Dr. Tornambe, a retina specialist at Retina Consultants San Diego, has spent much of his life pioneering new surgical techniques and medical technologies to advance retinal medicine and improve patient outcomes. From surgical instruments like the Tornambe torpedo light, to his influential work with pneumatic retinopexy, Dr. Tornambe has made considerable contributions to retinal medicine. Foremost among these has been his work with macular hole surgery without face-down positioning.

A New Approach to Macular Hole Surgery

Among his important contributions has been pioneering macular hole surgery without the typical face-down posture. In the 1990s, Dr.
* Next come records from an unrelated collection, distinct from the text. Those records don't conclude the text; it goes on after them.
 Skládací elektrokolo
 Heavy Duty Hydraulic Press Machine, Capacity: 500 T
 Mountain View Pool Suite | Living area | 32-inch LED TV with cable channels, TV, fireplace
Tornambe and two colleagues published a groundbreaking paper in Retina, titled “Macular hole surgery without face-down positioning: a pilot study.” In this study, the first of its kind, Dr. Tornambe and his colleagues questioned whether postoperative face-down positioning was really necessary. Although face-down positioning was considered to be important for successful macular hole closure, this had never been conclusively proven.
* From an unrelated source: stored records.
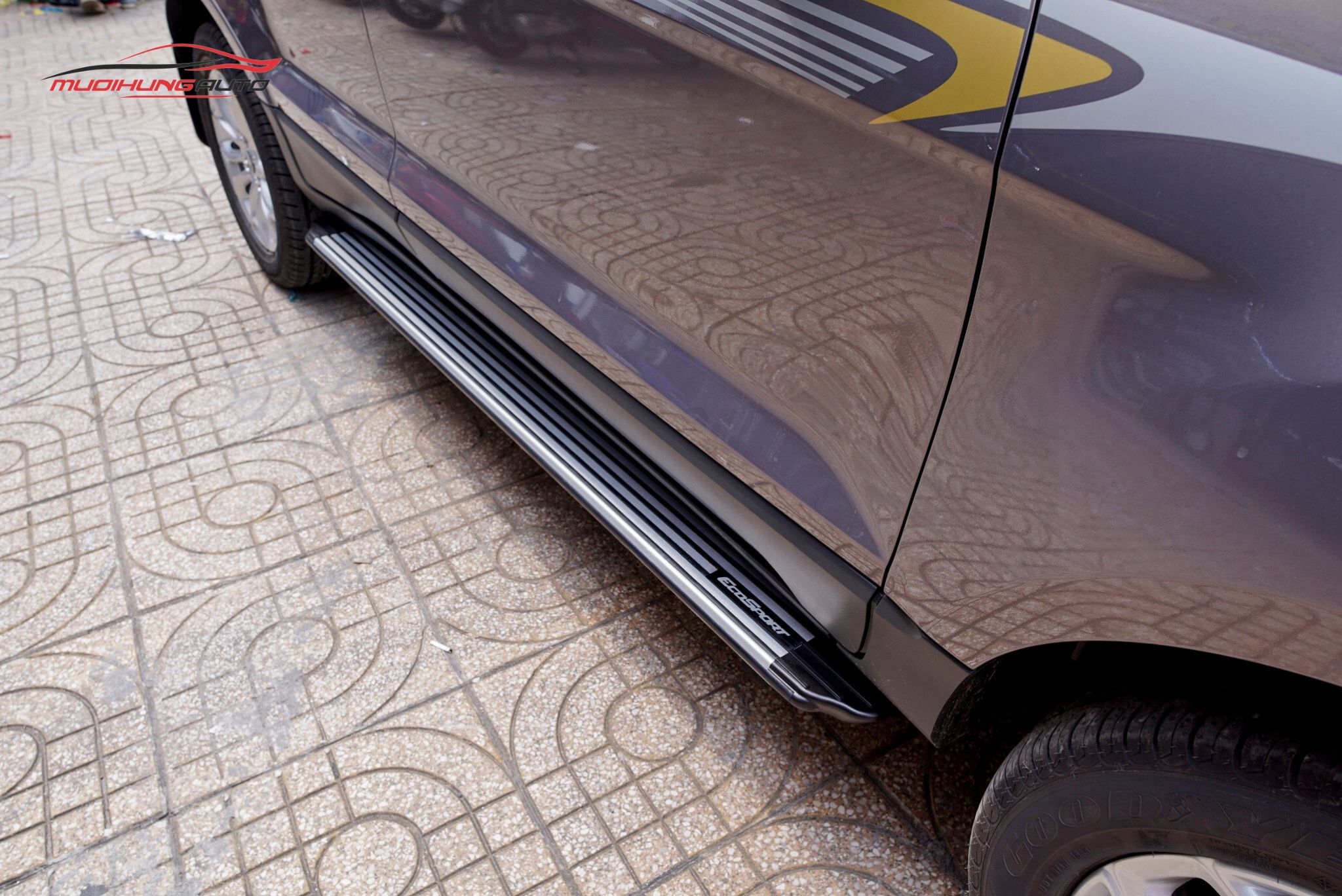 Bậc lên xuống Ford Ecosport 2020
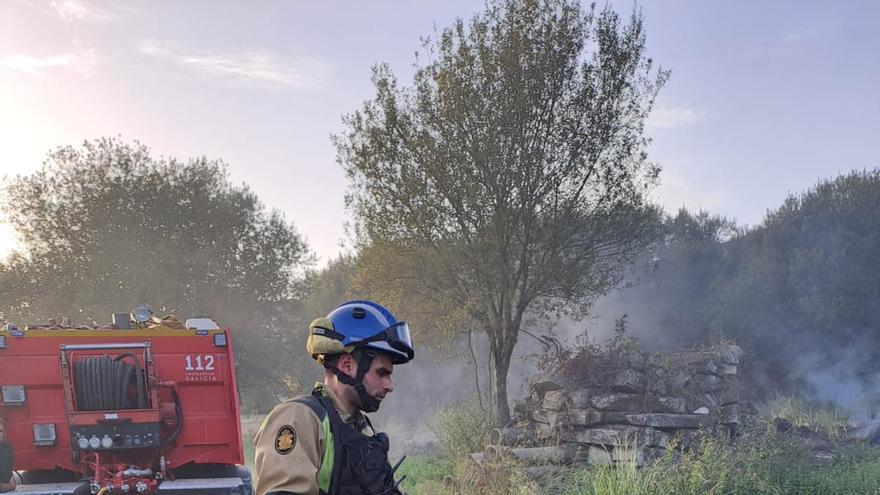 La Policía Autonómica esclarece dos incendios forestales en Ribeira y Rianxo
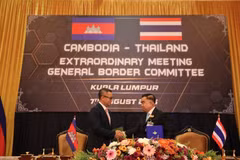 Cambodian Deputy Prime Minister and Minister of National Defence Tea Seiha (L) and Thailand’s Acting Minister of Defence Gen. Nattaphon Nakphanit. (Photo: Khaosod)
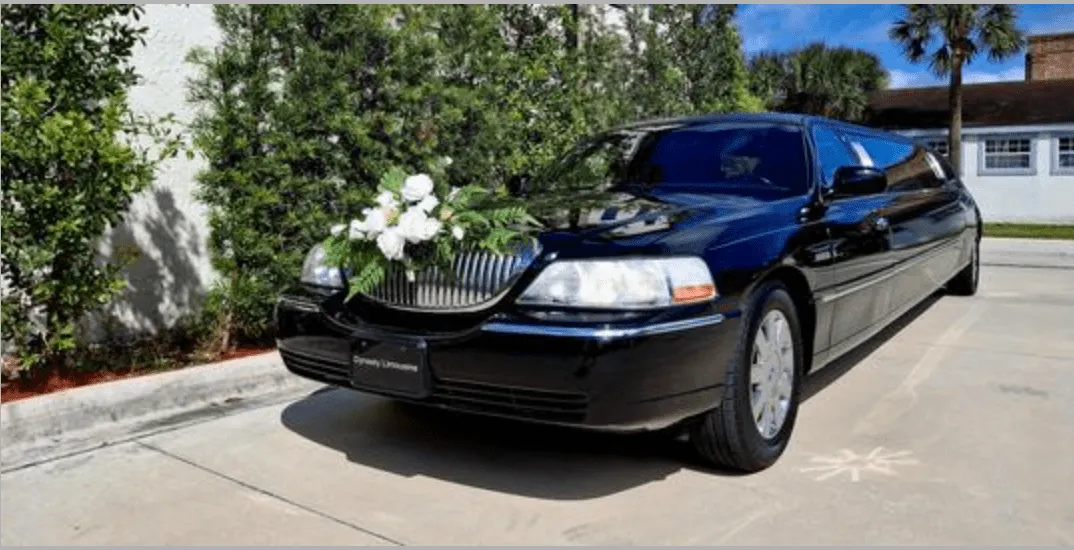 Lincoln Towncar Stretch Limousine Black Lincoln Towncar Stretch Limousine with tinted windows for limo rental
In the Retina study, Dr. Tornambe and his coauthors examined a total of 33 eyes in 31 patients aged 65-79. None of the patients in the study were positioned face-down. Over a follow-up period ranging from 6 to 40 months, with 73% of the patients observed for over a year, the success rate after one surgery was 79%. After additional vitrectomy surgery, the success rate rose to 85%.

The results of the pilot study illustrated that successful macular hole closure was, in fact, possible without the usual face-down positioning, which can be a significant inconvenience for patients with pseudophakic and phakic eyes.
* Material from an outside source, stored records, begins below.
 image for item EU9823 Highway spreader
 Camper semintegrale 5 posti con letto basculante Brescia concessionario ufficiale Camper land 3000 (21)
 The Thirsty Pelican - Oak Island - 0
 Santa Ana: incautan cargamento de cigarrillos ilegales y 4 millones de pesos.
Today, 26 years later, Dr. Tornambe continues to advocate for macular hole surgery without face-down positioning, especially for patients over 50, who nearly always require cataract surgery within a few months to a few years of a vitrectomy. Today, retina surgeons around the world have adopted Dr. Tornambe’s approach, foregoing unnecessary face-down posturing in the majority of older patients.